Quantitative homogenization theory for random suspensions in steady Stokes flow

Duerinckx, Mitia; Gloria, Antoine

doi:10.5802/jep.204

Quantitative homogenization theory for random suspensions in steady Stokes flow
[Homogénéisation quantitative de suspensions aléatoires de particules dans un fluide de Stokes stationnaire]

Duerinckx, Mitia ¹ ; Gloria, Antoine ²

¹ Université Paris-Saclay, CNRS, Laboratoire de Mathématiques d’Orsay 91400 Orsay, France & University of California, Los Angeles, Department of Mathematics Los Angeles CA 90095, USA & Université Libre de Bruxelles, Département de Mathématique 1050 Brussels, Belgium
² Sorbonne Université, CNRS, Université de Paris, Laboratoire Jacques-Louis Lions 75005 Paris, France & Institut Universitaire de France & Université Libre de Bruxelles, Département de Mathématique 1050 Brussels, Belgium

Journal de l’École polytechnique — Mathématiques, Tome 9 (2022), pp. 1183-1244.

Résumé
Abstract

Ce travail développe une théorie quantitative de l’homogénéisation de suspensions aléatoires de particules rigides dans un fluide de Stokes stationnaire, complétant les résultats qualitatifs récents. Plus précisément, nous établissons une théorie de régularité aux grandes échelles pour ce problème de Stokes et nous montrons des estimations de moments pour les correcteurs associés, ainsi que des estimations optimales de convergence de l’erreur d’homogénéisation (sous des hypothèses quantitatives d’ergodicité de la suspension aléatoire).

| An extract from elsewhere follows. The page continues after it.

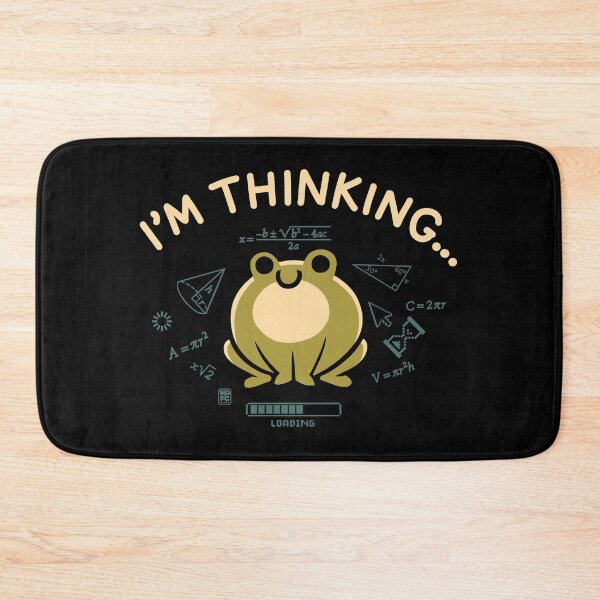 Item preview, I'm Thinking... Frog designed and sold by World Domination For Cats ®.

En comparaison à la théorie pour les équations elliptiques linéaires sous forme divergence, l’incompressibilité du fluide et la rigidité des particules soulèvent des difficultés analytiques additionnelles. Notre analyse couvre également le problème des inclusions rigides en élasticité linéaire (compressible ou incompressible) et en électrostatique ; les résultats sont nouveaux pour ces modèles également, même dans le cas périodique.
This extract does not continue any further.